For homogeneous fluids, the physical point at which the choking occurs for adiabatic conditions, is when the exit plane velocity is at sonic conditions i.e. at a Mach number of 1. At choked flow, the mass flow rate can be increased only by increasing density upstream and at the choke point.

The choked flow of gases is useful in many engineering applications because the mass flow rate is independent of the downstream pressure, and depends only on the temperature and pressure and hence the density of the gas on the upstream side of the restriction. Under choked conditions, valves and calibrated orifice plates can be used to produce a desired mass flow rate.

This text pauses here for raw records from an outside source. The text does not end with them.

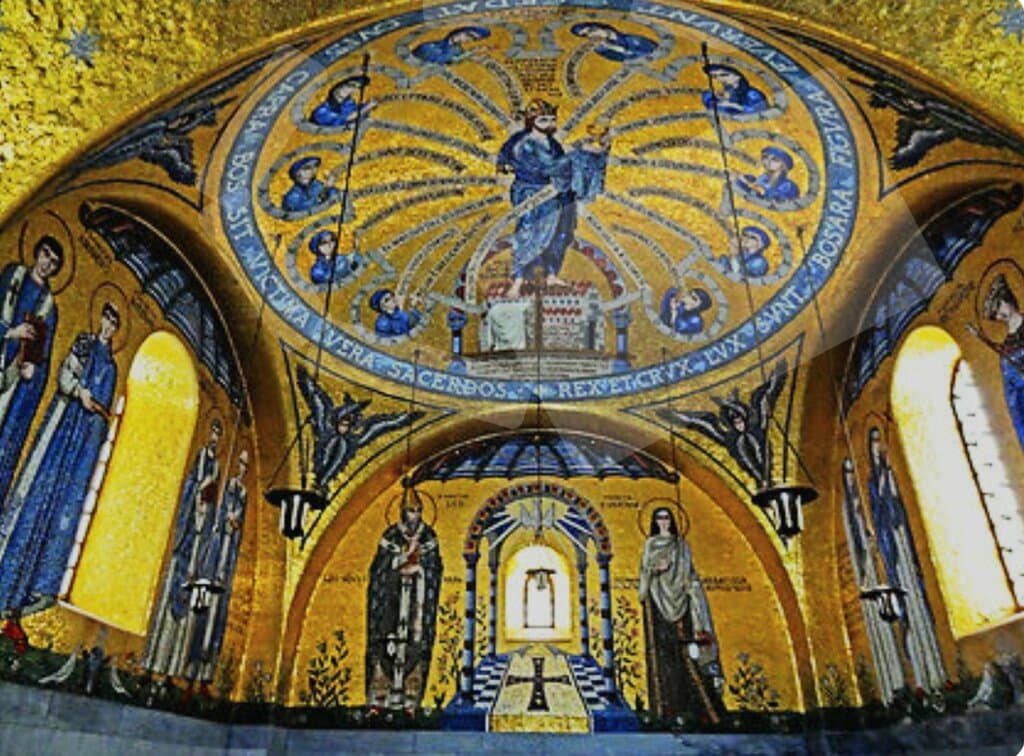 Magnifique mosaïque de la chapelle des larmes 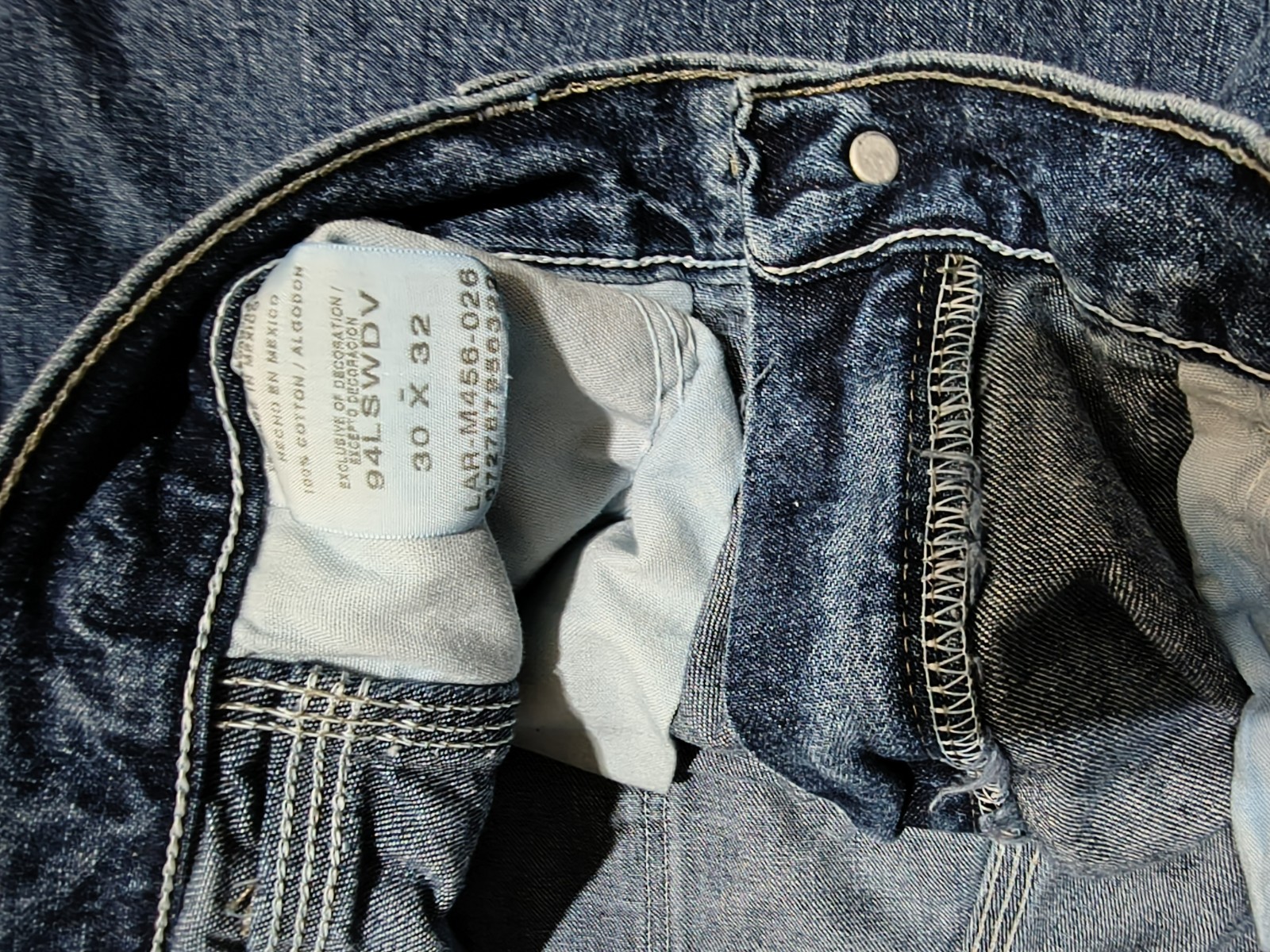 Wrangler Authentic Workwear Carpenter Denim Jeans Mens Size 30×32 Blue Wash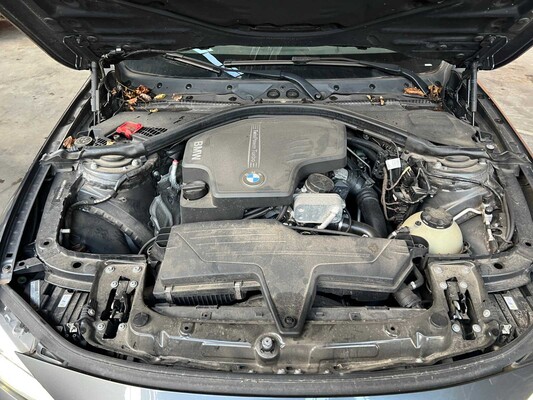 BMW 320i Touring 184hp 2013 (Original-NL), 1-KTJ-01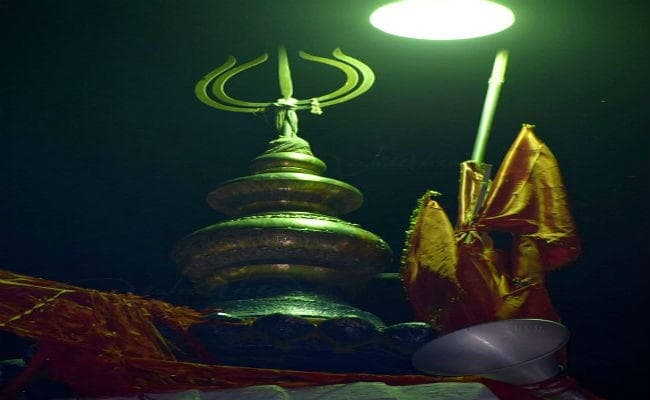 डम-डम डमरू बजावेला, हमार जोगिया... पर झूमे कांवरिया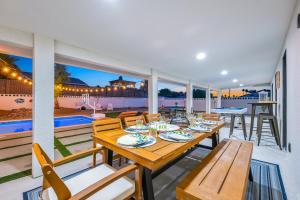 Piscina di Havasu Fun Stay Pool Spa PoolTable KingBed o nelle vicinanze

If the fluid is a liquid, a different type of limiting condition (also known as choked flow) occurs when the Venturi effect acting on the liquid flow through the restriction causes a decrease of the liquid pressure beyond the restriction to below that of the liquid's vapor pressure at the prevailing liquid temperature. At that point, the liquid will partially flash into bubbles of vapor and the subsequent collapse of the bubbles causes cavitation. Cavitation is quite noisy and can be sufficiently violent to physically damage valves, pipes and associated equipment. In effect, the vapor bubble formation in the restriction prevents the flow from increasing any further.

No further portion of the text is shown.